Once upon a time, that is to say when the British power was well established in the land and there were railways, there was a King who lay dying for many days, and all, including the Englishmen about him, knew that his end was certain. But he had chosen to lie in an outer court or pleasure-house of his Palace; and with him were some twenty of his favourite wives. The place in which he lay was very near to the City; and there was a fear that his womenkind should, on his death, going mad with grief, cast off their veils and run out into the streets, uncovered before all men. In which case, nothing, not even the power of the Press, and the locomotive, and the telegraph, and cheap education and enlightened municipal councils, could have saved them from sati, for they were the wives of a King. So the Political did his best to induce the dying man to go to the Fort of the City, a safe place close to the regular zenana, where all the women could be kept within walls. He said that the air was better in the Fort, but the King refused; and that he would recover in the Fort; but the King refused. After some days, the latter turned and said:—“Why are you so keen, Sahib, upon getting my old bones up to the Fort?” Driven to his last defences, the Political said simply:—“Well, Maharana Sahib, the place is close to the road you see, and....” The King saw and said:—“Oh, that’s it! I’ve been puzzling my brain for four days to find out what on earth you were driving at. I’ll go to-night.” “But there may be some difficulty,” began the Political. “You think so,” said the King. “If I only hold up my little finger, the women will obey me. Go now, and come back in five minutes, and all will be ready for departure.” As a matter of fact, the Political withdrew for the space of fifteen minutes, and gave orders that the conveyances which he had kept in readiness day and night should be got ready. In fifteen minutes those twenty women, with their hand-maidens, were packed and ready for departure; and the King died later at the Fort, and nothing happened. Here the Englishman asked why a frantic woman must of necessity become sati, and felt properly abashed when he was told that she must. There was nothing else for her if she went out unveiled deliberately.

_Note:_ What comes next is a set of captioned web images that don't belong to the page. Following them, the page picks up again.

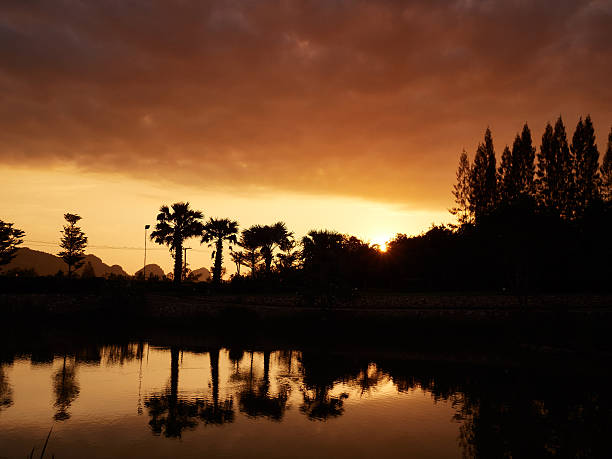 Golden sunrise silouette stock photo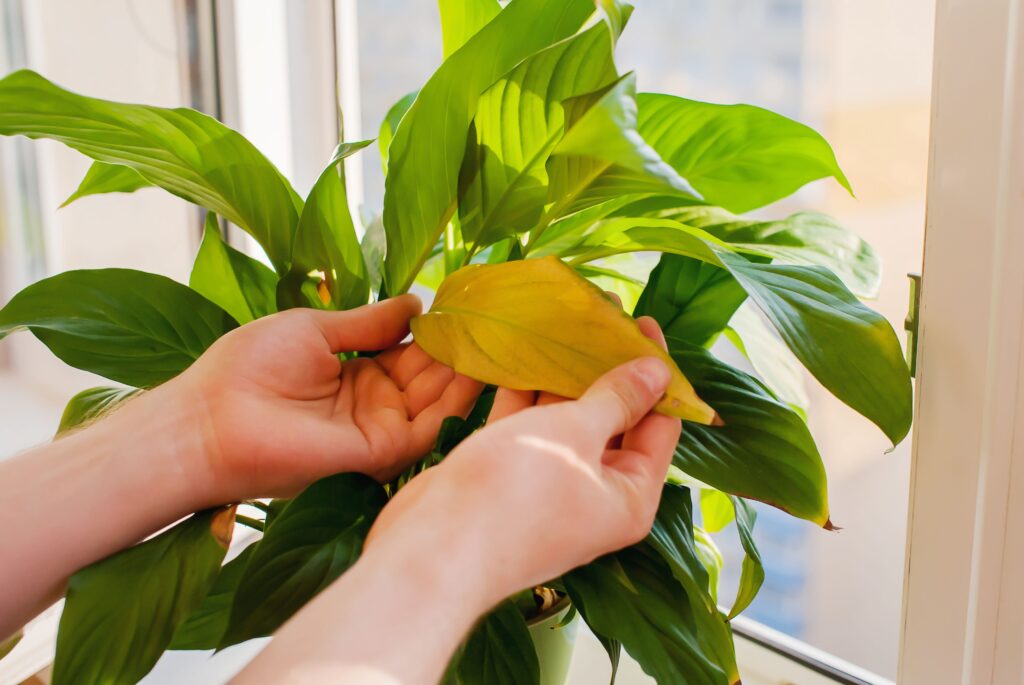 Best indoor Peace Lily Plant for Home and Offices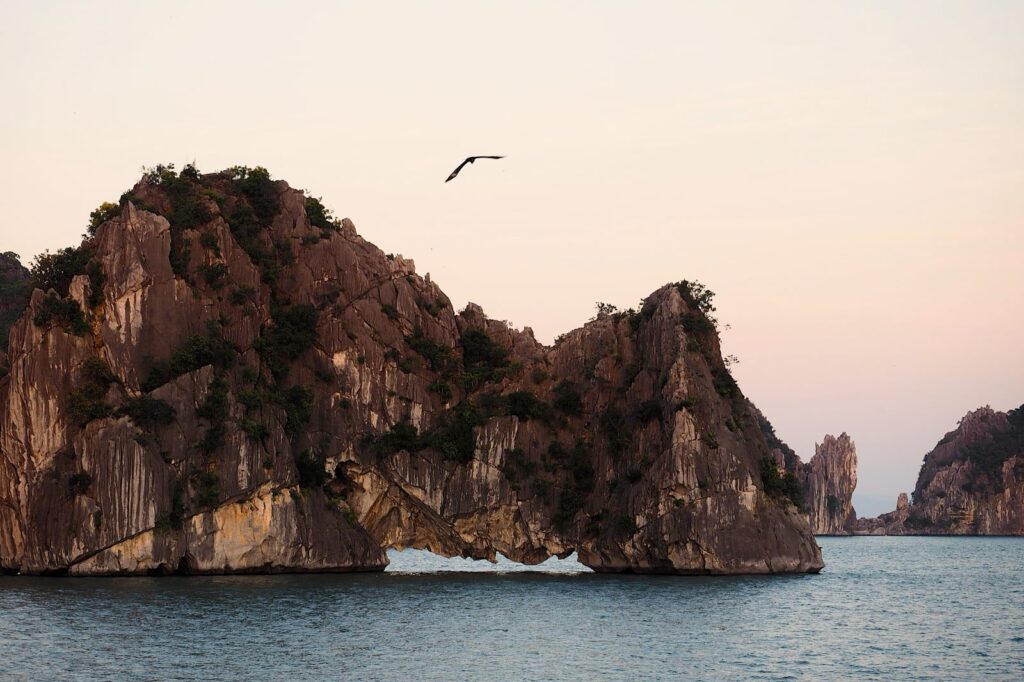 Vietnam Yolanda Andres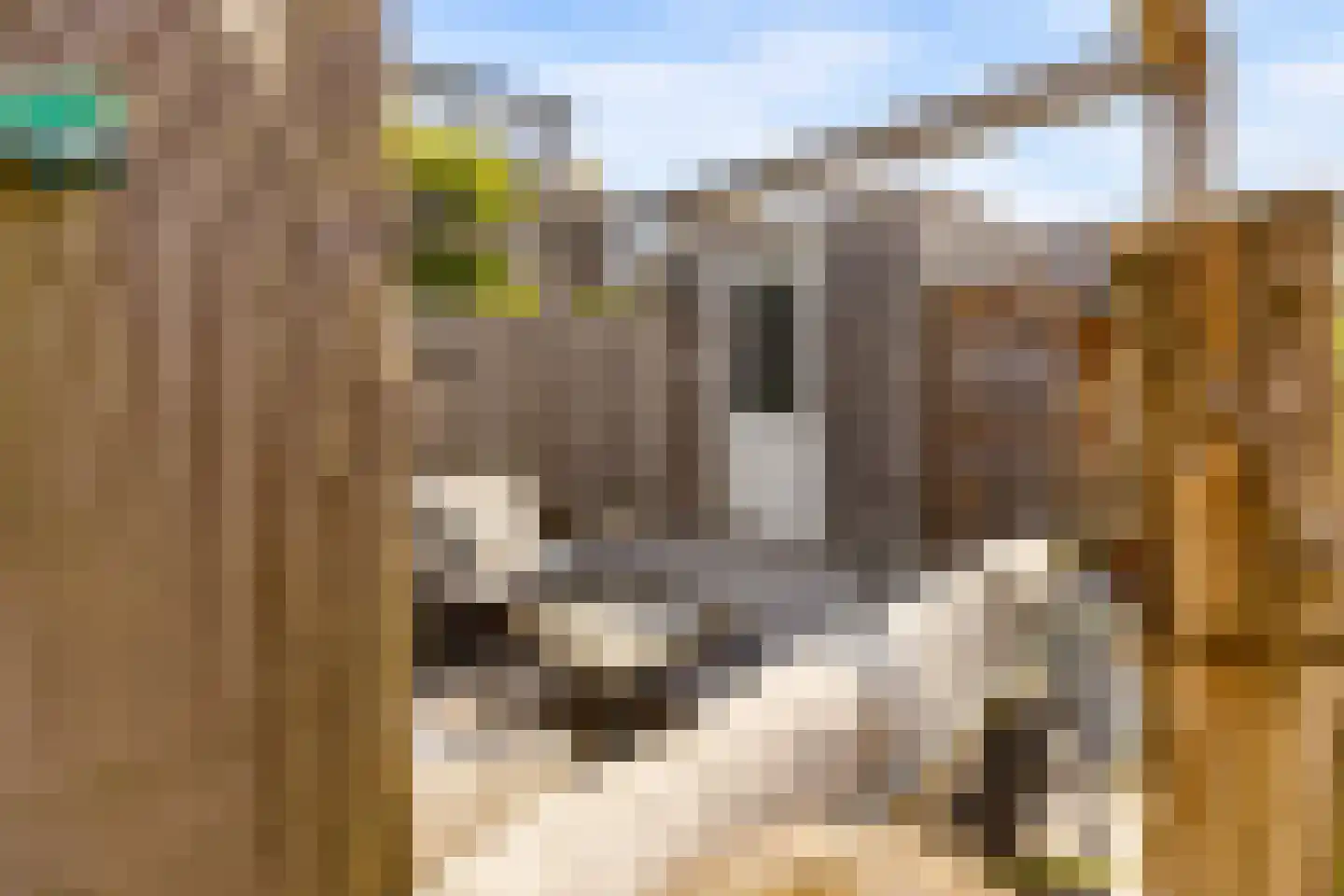Elementen 68 Zeewolde thumbnail 63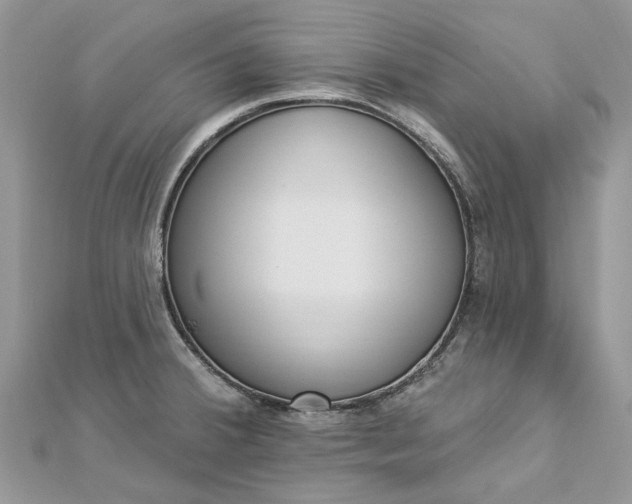 X0000112821380200909041506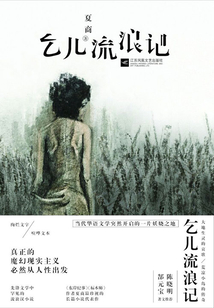 乞兒流浪記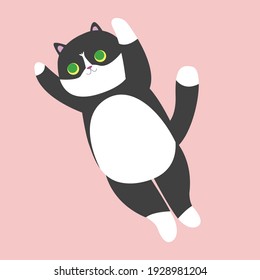 black and white cat. two-color kitten. the cat jumps. stock vector illustration with a pet.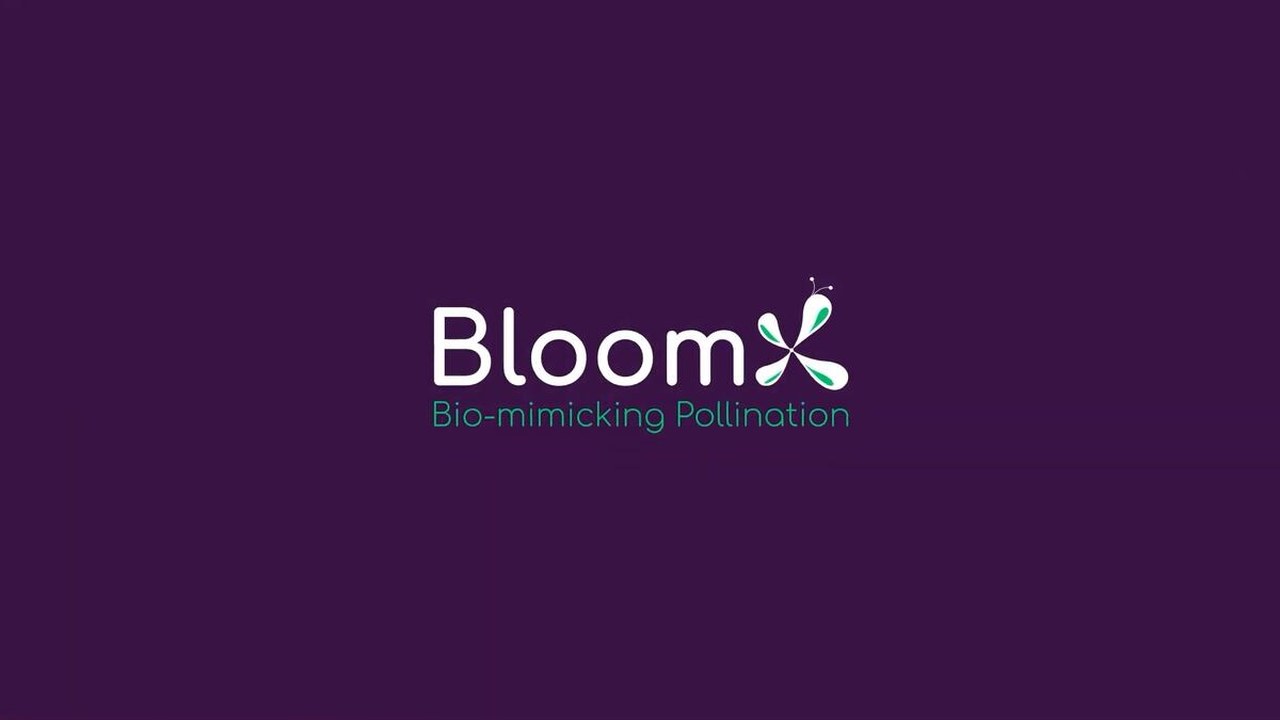 BloomX获1300万美元A轮:授粉长期依赖自然,机器人能否让这一环节变得可管理、可测量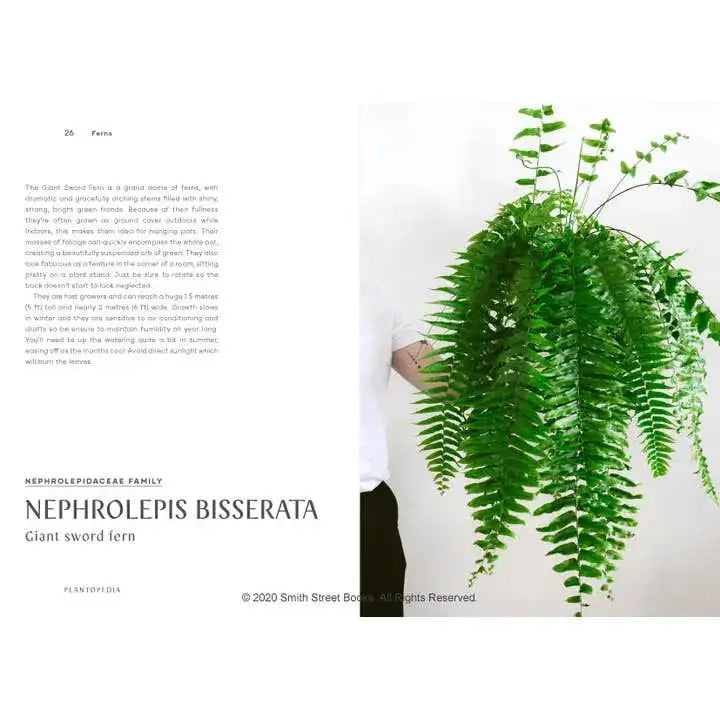Giant sword fern on a white background with text about the plant species.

The rush-out forces the matter. And, indeed, if you consider the matter from a Rajput point of view, it does.

Then followed a very grim tale of the death of another King; of the long vigil by his bedside, before he was taken off the bed to die upon the ground; of the shutting of a certain mysterious door behind the bed-head, which shutting was followed by a rustle of women’s dress; of a walk on the top of the Palace, to escape the heated air of the sick room; and then, in the grey dawn, the wail upon wail breaking from the zenana as the news of the King’s death went in. “I never wish to hear anything more horrible and awful in my life. You could see nothing. You could only hear the poor wretches!” said the Political with a shiver.